### Task objective
When you reproduce the entries below, keep each one exact and drop any pictures.

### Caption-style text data
_ _ _ _ _ _ _

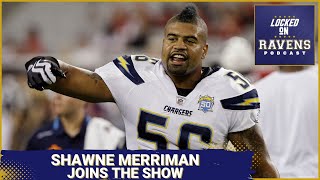 EXCLUSIVE Shawne Merriman shares how Baltimore Ravens can recover from rough AFC Championship loss [upl. by Amor]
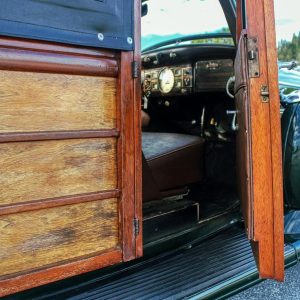1936 Dodge Westchester Woody Wagon Cantrell Body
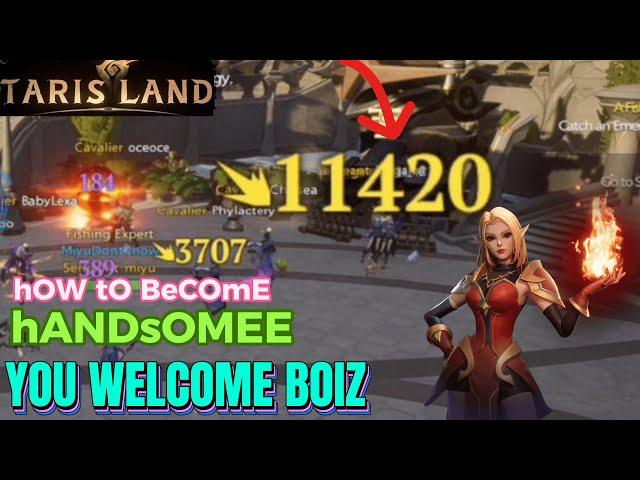 Tarisland: Playing Fire Mage Properly - Explain bOiz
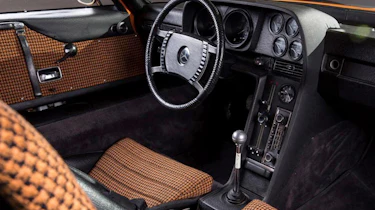 Mercedes C111 - interior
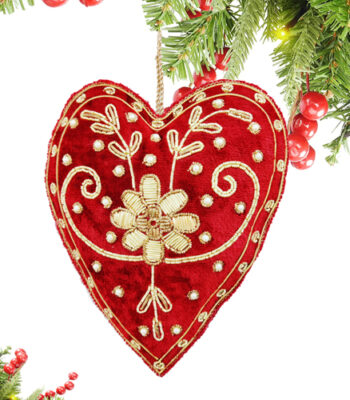 Red Heart Handmade Special Christmas Decorative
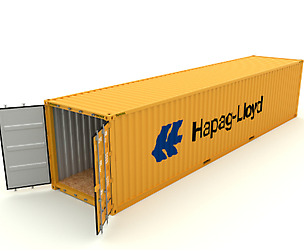 Shipping Container Hapag LLoyd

_ _ _ _ _ _ _

### Result of the task
 EXCLUSIVE Shawne Merriman shares how Baltimore Ravens can recover from rough AFC Championship loss [upl. by Amor]
1936 Dodge Westchester Woody Wagon Cantrell Body
 Tarisland: Playing Fire Mage Properly - Explain bOiz
 Mercedes C111 - interior
 Red Heart Handmade Special Christmas Decorative
 Shipping Container Hapag LLoyd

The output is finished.